= Ibrahim Sverrir Agnarsson =

Icelandic Islamic activist

Ibrahim Sverrir Agnarsson (born 1948) was the chair of the Muslim Association of Iceland from 2010 to 2015.

== Biography ==
Ibrahim Sverrir was born in 1948. In 1973 he married María Harðardóttir; they have two sons.

Ibrahim Sverrir encountered Islam while living as a hippy and working as a horse-trainer for Spaghetti Westerns in Almería in Spain in 1970. Living in an Arab castle, he became interested in the inscriptions on the walls. He travelled to Istanbul, on to Peshawar, bought a horse there and spent some months riding in the mountains of Afghanistan, Pakistan, and China. During this period he converted to Islam. Ibrahim Sverrir has lived and travelled widely in the Islamic world, including working for the Libyan Ministry of Agriculture consulting on sheep-breeding.

In March 2017 he was convicted for tax evasion.

== Religious and political life ==
As the chair of the Association of Muslims in Iceland Ibrahim Sverrir has been prominent in bringing about the first purpose-built mosque in Iceland. According to Ibrahim Sverrir funds for the mosque will be raised abroad, including Muslims in Kuwait and the United Arab Emirates. Salmann Tamimi, however, has warned that by accepting funds abroad the Association of Muslims in Iceland will jeopardise losing the reins of control.

Ibrahim Sverrir and his predecessor also have divided opinions on the establishment of special schools for Muslim children. Ibrahim Sverrir has said that he's not against special schools for Muslim children provided that the national curriculum is observed. Salmann Tamimi, however, has said that he opposes special schools for Muslim children; in his opinion special schools would keep Muslim children from adjusting to Icelandic society.

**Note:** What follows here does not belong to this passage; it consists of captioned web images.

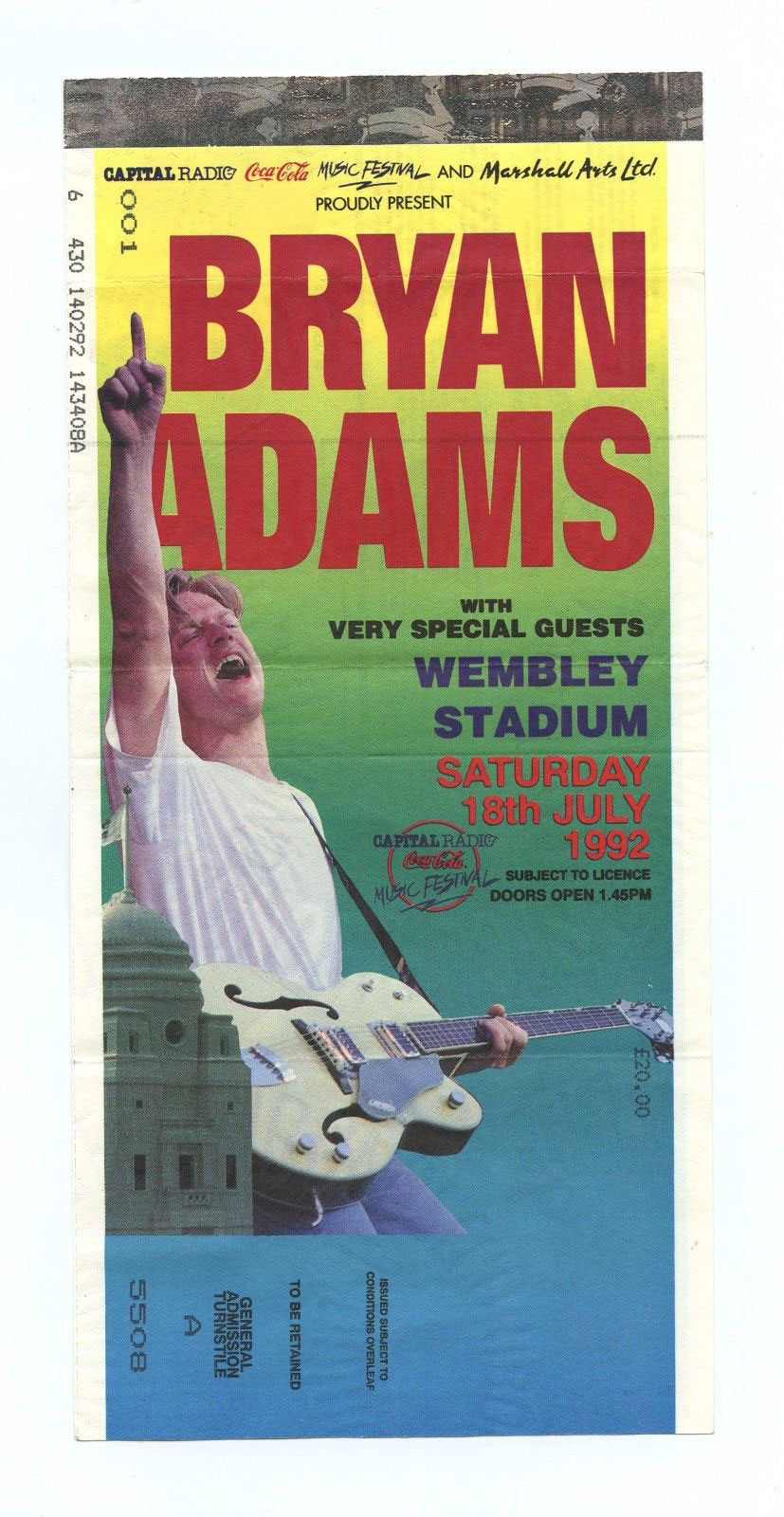 Bryan Adams Vintage Ticket 1992 Jul 18 Wembley Stadium London UK  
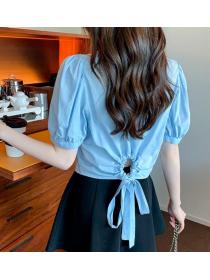  On Sale Back Bowknot Matching Short Style Blouse 
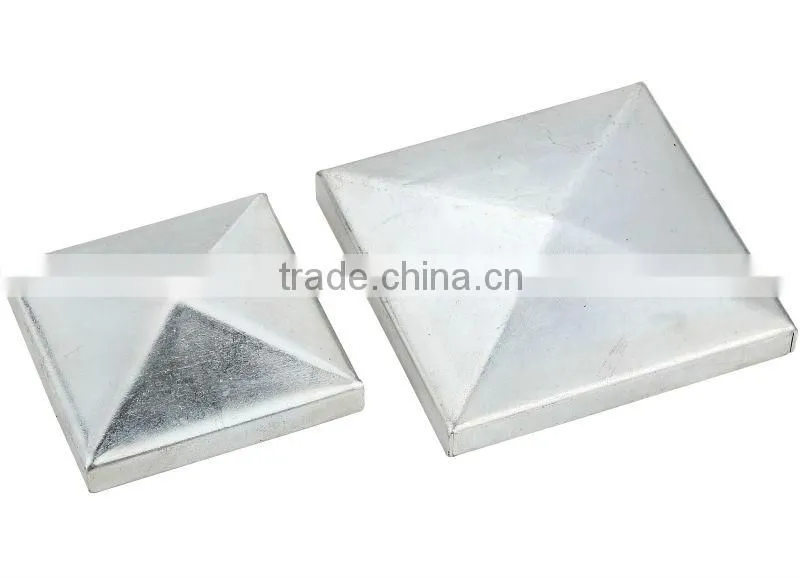 square Fence Post caps with white and yellow galvanized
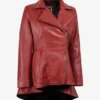 Women's Red Leather Peplum Jacket with Asymmetrical Zip Closure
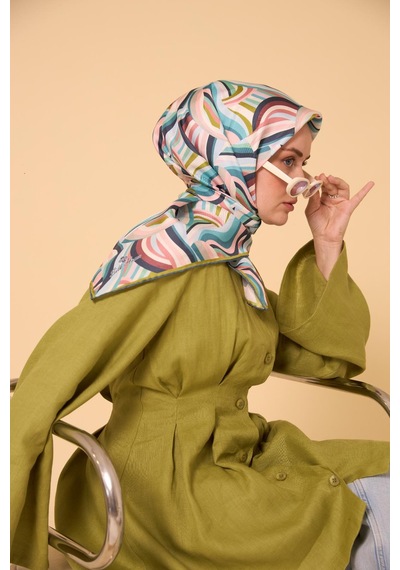 Silk Home Twill İpek Eşarp 11471-25 Su Yeşili, Pembe, Yeşil, Beyaz, Gri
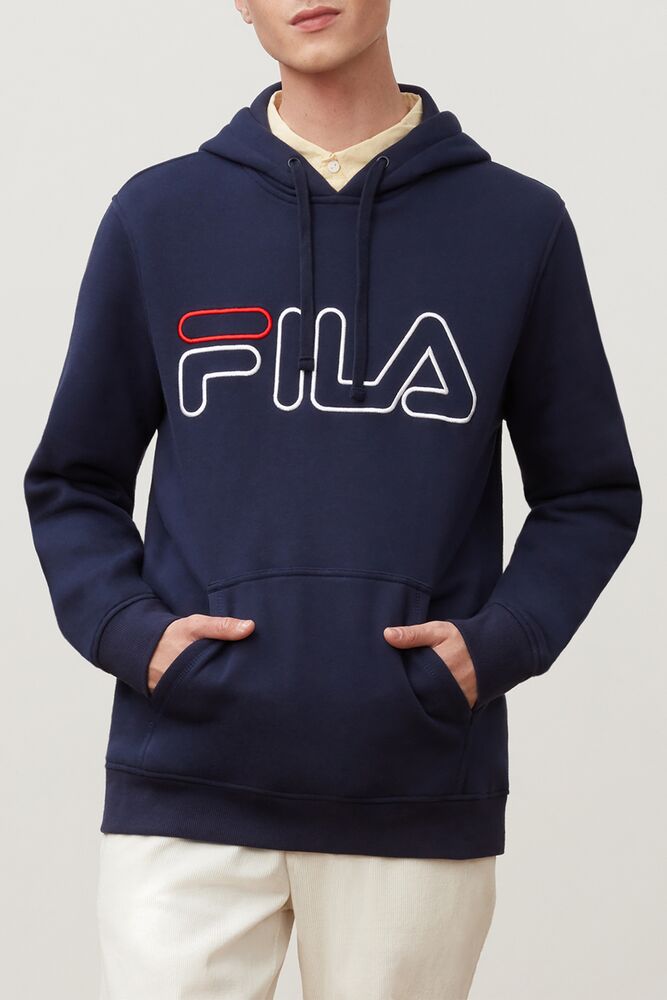 Sudadera con Capucha Fila Prati Hoodie Hombre Azul Marino Rojas Blancas | 168902EZK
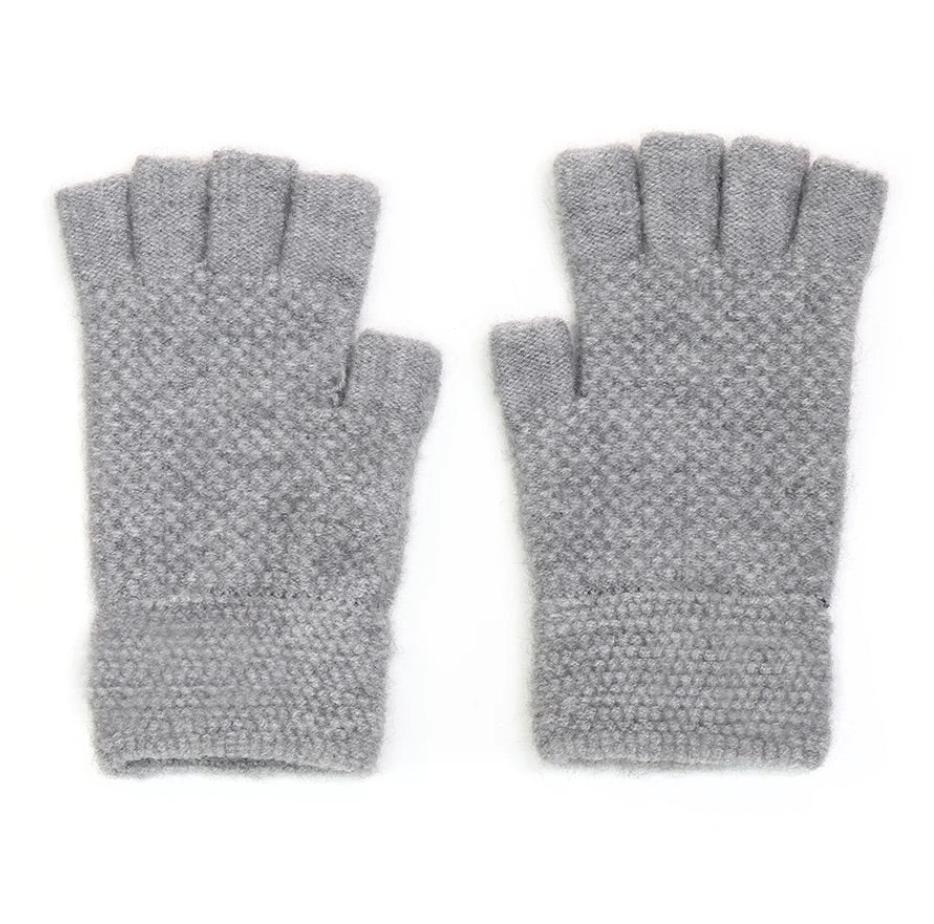 POM Light Grey Waffle Texture Knitted Fingerless Gloves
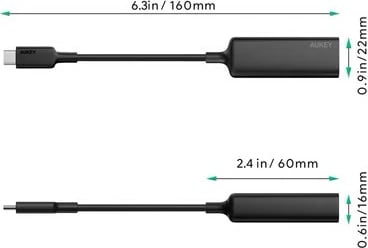 adapter rrjeti AUKEY CB-A30 USB-C në Gigabit Ethernet 1 Gb/s, USB 3.0 Type-C, LED tregues, kasë alumini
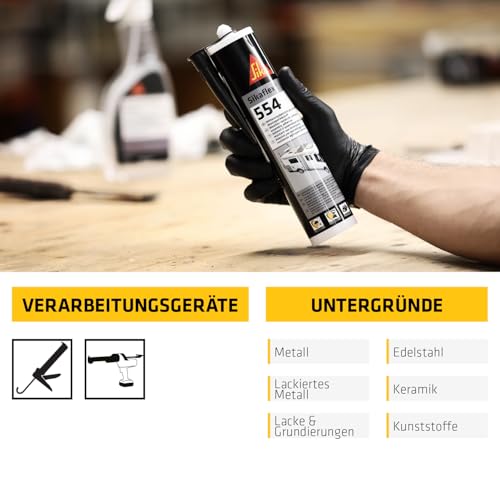 Detalle 2 de Sikaflex-554 Montageklebstoff Schwarz 300 ml – Vielseitiger Konstruktionsklebstoff von SIKA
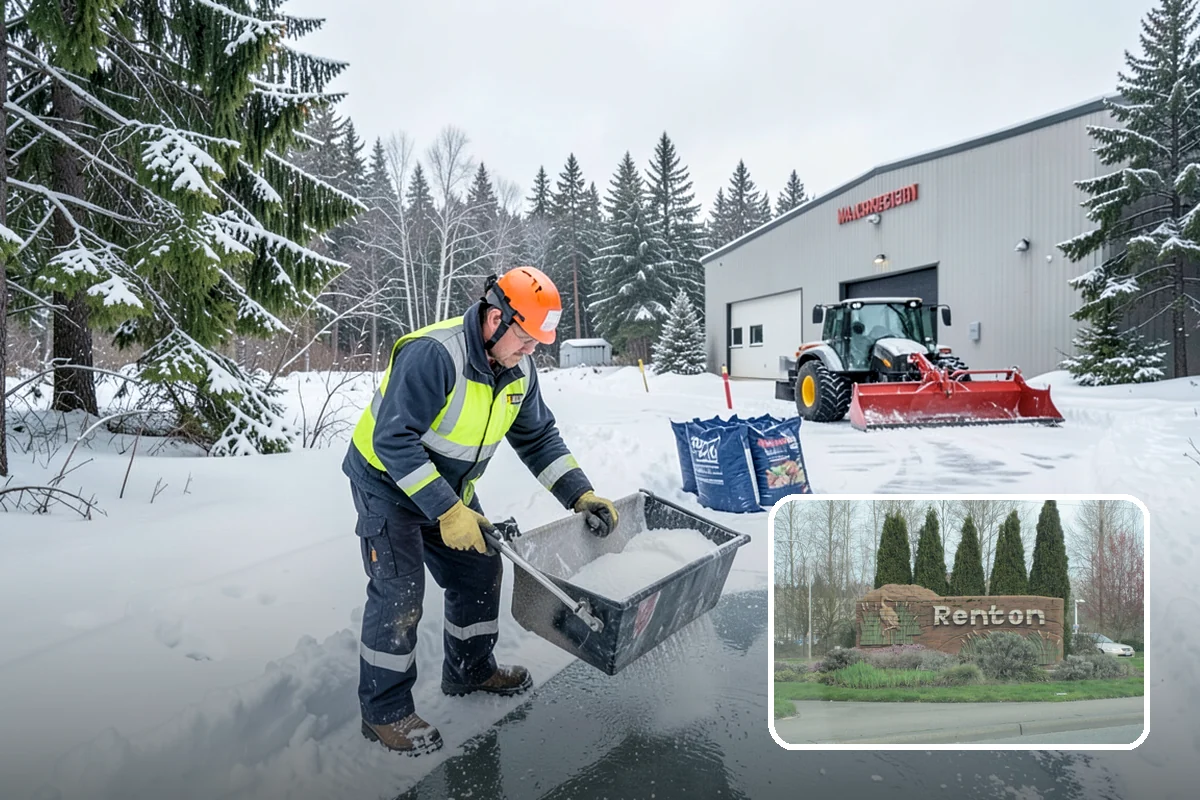 Calcium Chloride Spreading in Renton, King County, WA - Stays active down into the single digits when rock salt fails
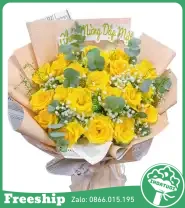 Bó Hoa Xinh Tone Vàng Gửi Lời Cảm Ơn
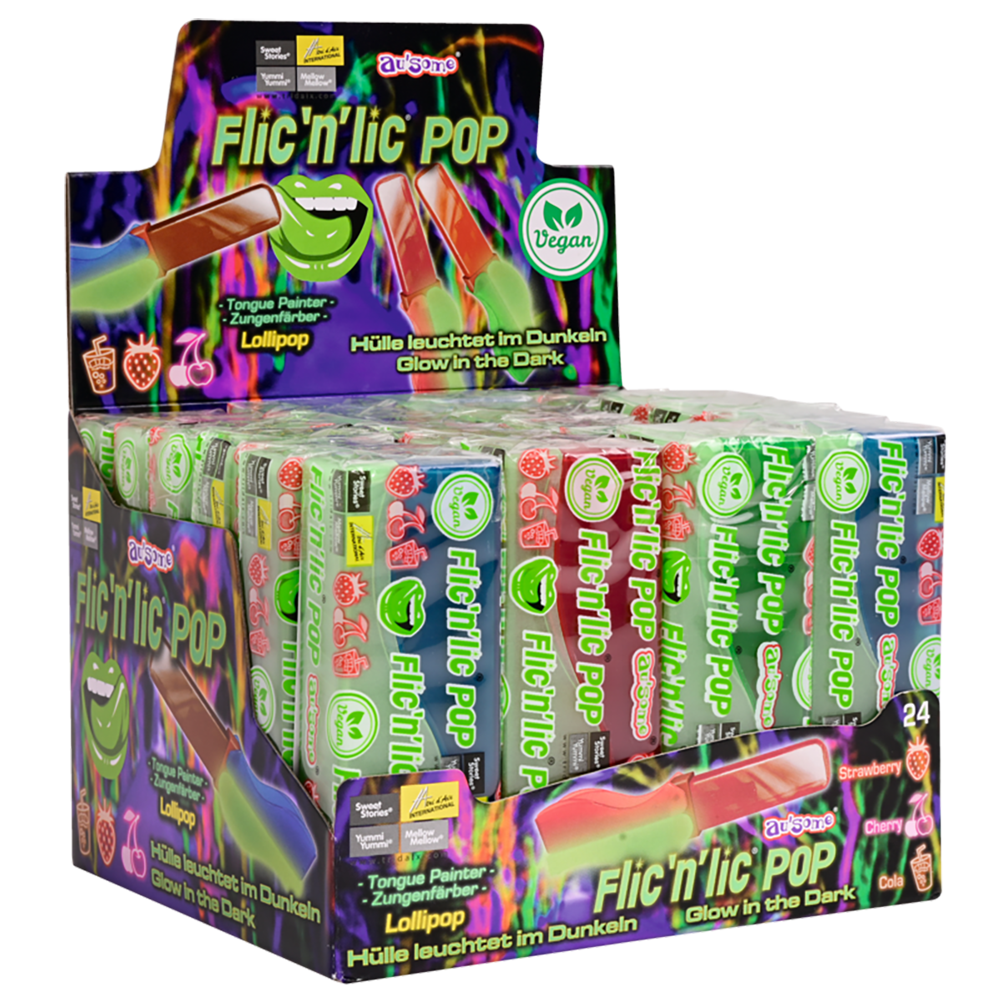 au’some Flic’n’ Lic Pop Glow in the Dark 24 Stück im Karton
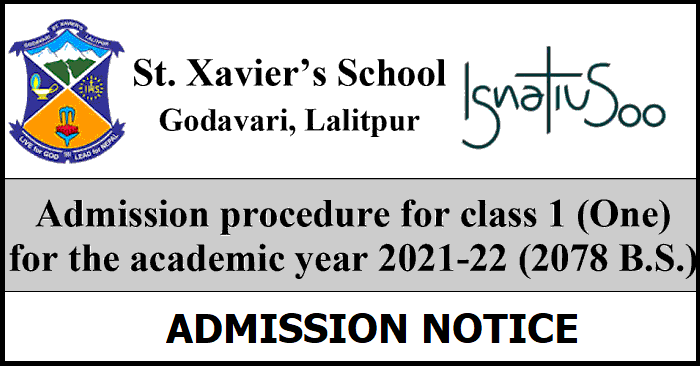 St Xaviers School, Godavari, Lalitpur Admission for Class 1 (One)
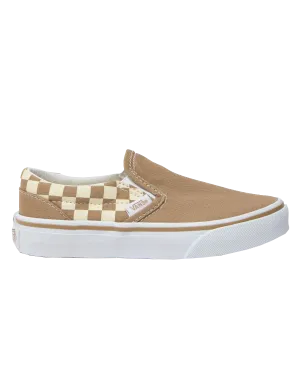 Girls Classic Slip On Shoes in Neutral Checkerboard Brown & White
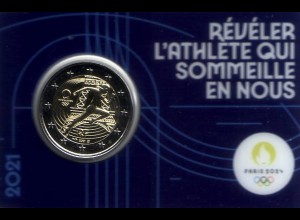 Olympische Spiele in Paris: Staffelübergabe, 2021 (Coincard blau)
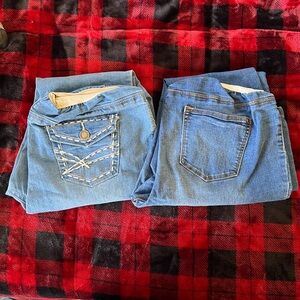 Bundle: 2 pair Planet Motherhood Maternity Light Denim Jeans L-12/14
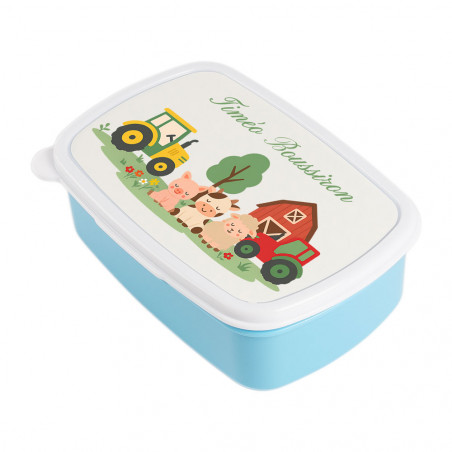 Contenitore pranzo blu personalizzato – Design fattoria e animali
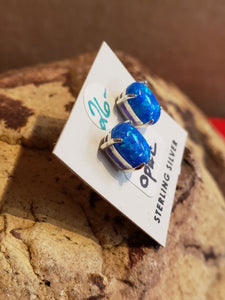 BLUE OPAL MINI POST EARRINGS- 6MM X 8MM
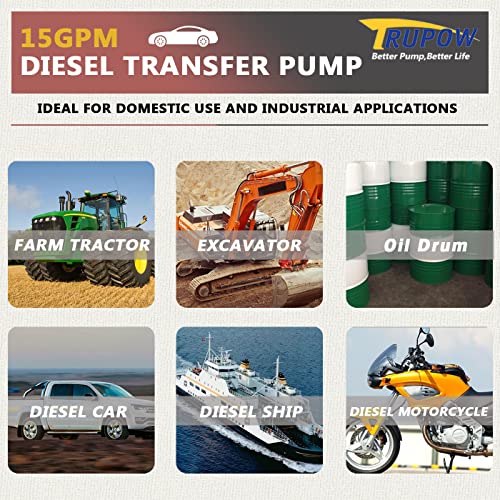 Trupow 110V AC 15GPM Electric Self-priming Diesel Kerosene Oil Fuel Transfer Extractor Pump - style: 15GPM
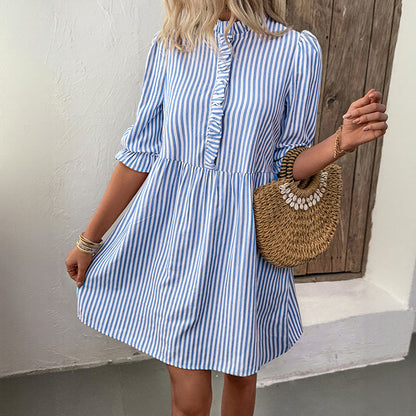 Puff Sleeve Stand Collar Striped Dress Summer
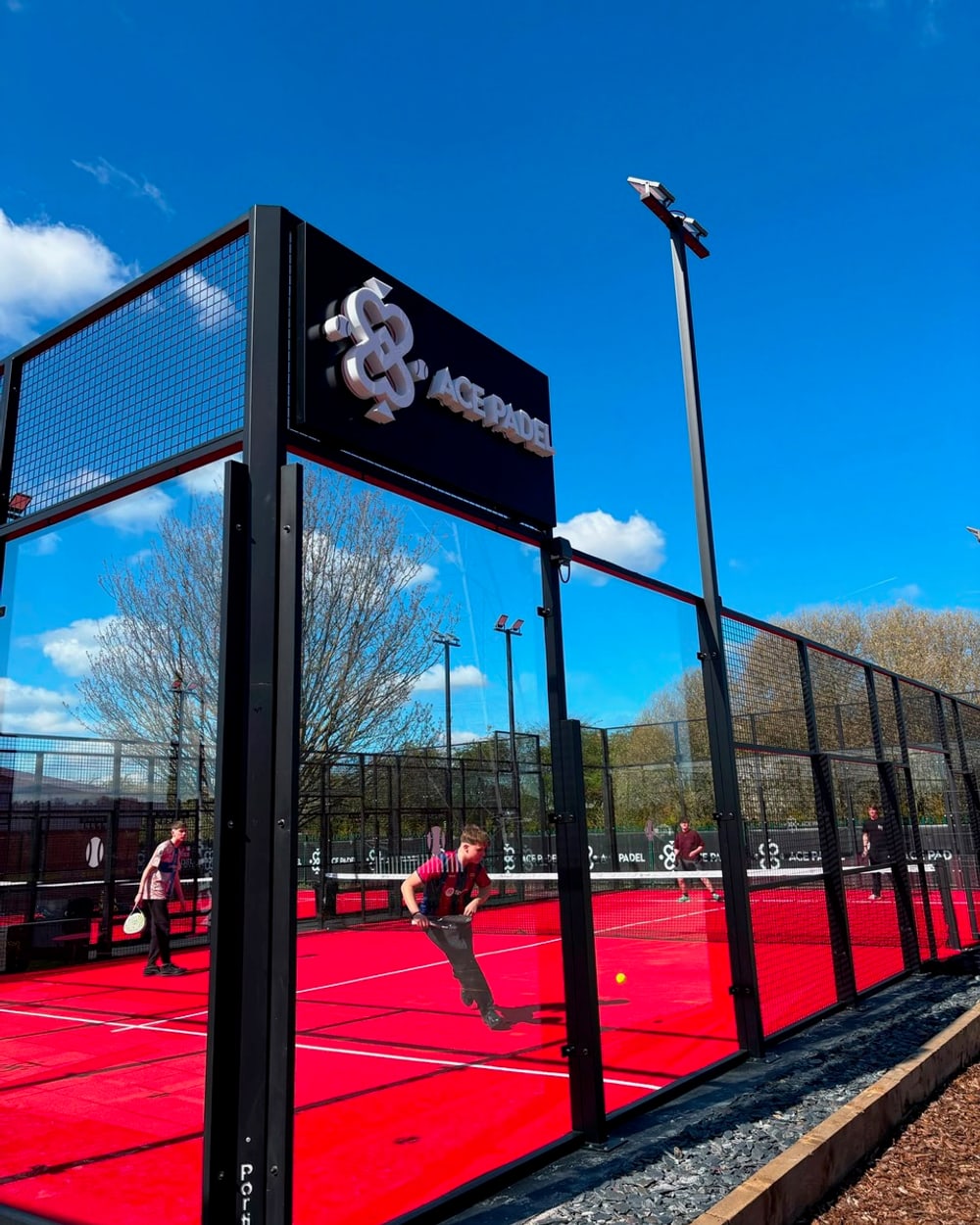 Ace Padel courts, our padel partner at Magnolia Park
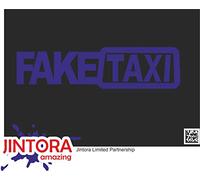 JINTORA Autocollant de voiture - Faux taxis - Faketaxi - FAKE TAXI - Autocollant de voiture et décalcomanies - 210x53 mm - JDM - Die cut - Voiture - vitre - ordinateur portable - fenêtre - bleu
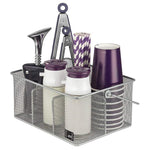 Panier Organisateur de Couverts en Fer à Poignée, Support de Rangement et Séchage d'Ustensiles Divisé pour Cuisine et Outils de Nettoyage de Table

In a radio interview on 26 November 2014 Ibrahim Sverrir targeted Saudi Arabia; describing it as "a primitive society".

== Views ==

=== Position on Sharia ===
In a radio interview on 2 June 2014 Ibrahim Sverrir said that members of the Association of Muslims in Iceland wanted certain affairs to be governed by Sharia, including inheritance and family matters.

=== Attitude towards gay people ===
In a radio interview on 6 August 2014 Ibrahim Sverrir answered questions on the status of gay people within Islam. Ibrahim Sverrir said that those that are for gay marriages could never rally support among Muslims in Iceland. From his perspective, the question was whether gay people could adjust to Islam. Nevertheless, he accepted that inevitably Muslims in Iceland would have to address the issue of gay marriages.